Runes are the Go 'char' type. A rune is an integer value identifying a Unicode code point. When you iterate over strings, you get runes, which are of variable size (number of bytes).

You have to be careful with strings in Go: text[2] returns the third byte, not the third rune in the string. If you want the third rune, you might try to use the utf8.DecodeRuneInString(text[2:]) function. But this would only work with ASCII, as you are slicing at the third byte and asking the utf8 library to parse the first rune from that point. But if the first rune in the string is two bytes long, you'll be getting the second rune in the string, not the third. If it's three bytes long, you're really in trouble.

The safest way is to do what I did in the code: convert the string to a slice of runes ([]rune) immediately and then work it that. Now when you index runeslice[2] you know you are getting the third rune.

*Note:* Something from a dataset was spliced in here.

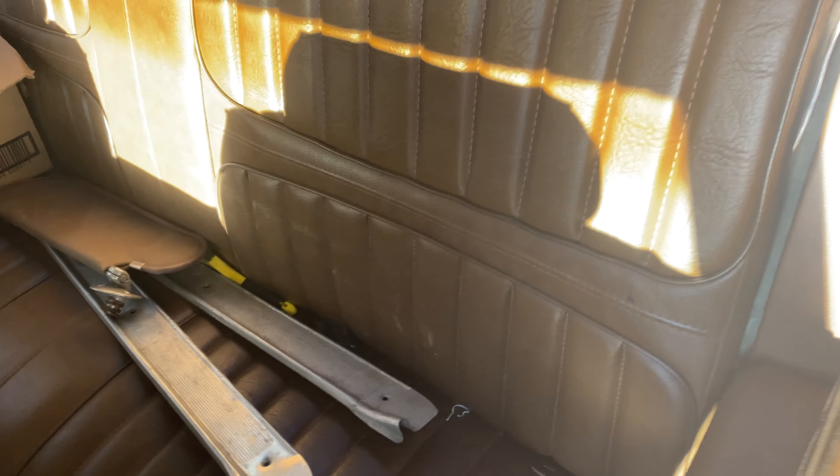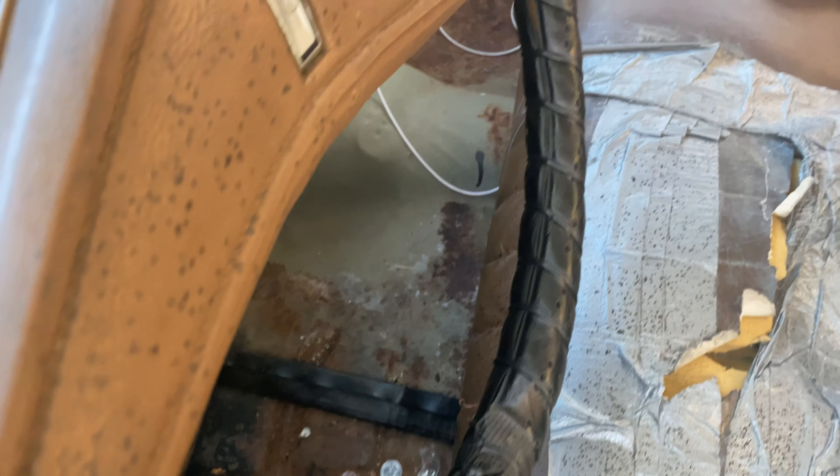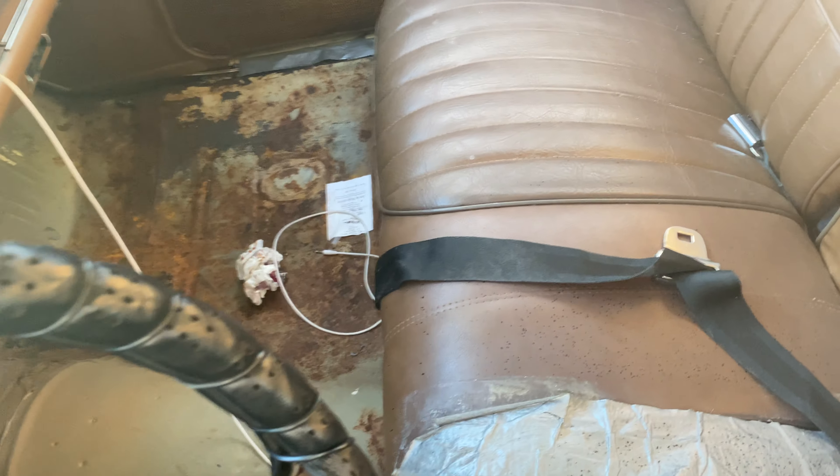Got extra parts back here, everything for floors, all the extra little trimming pieces. Got the carpet up so you can see the floor is solid, no holes in the floor.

/* ---[ No do-while ]--- */

Go doesn't have a do-while loop. It doesn't even have a while statement: just for. But, as Rob Pike reminded me in a critique of the first version of this blog entry, a do-while can be adequately mimicked with an infinite for loop:

 func matchstar(c rune, regex []rune, text []rune) bool {
     for {
         if matchhere(regex, text) {
             return true
         }
         if ! (len(text) > 0 && (text[0] == c || c == '.')) {
             return false
         }
         text = text[1:]
     }
 }

The stated intent of Go was to be as minimal as possible. Pike, in a recent podcast interview, said that the core team that created Go (which includes Ken Thompson) all had to agree that a feature was essential for it be included. Many candidate features were dropped, including the do-while loop. Of note, goto was not, which I find quite interesting. goto is only mentioned once (almost in passing) in the Effective Go guide, so I'm interested in what the essential use case for it was.


/* ---[ One addition ]--- */

Finally, in the Beautiful Code chapter, Kernighan suggests a number of enhancements the reader can make. I've only done one - allowing the + (1 or more) operator by mildly precompiling the regex, turning x+ into xx*, allowing me to use Pike's original (ported) code untouched.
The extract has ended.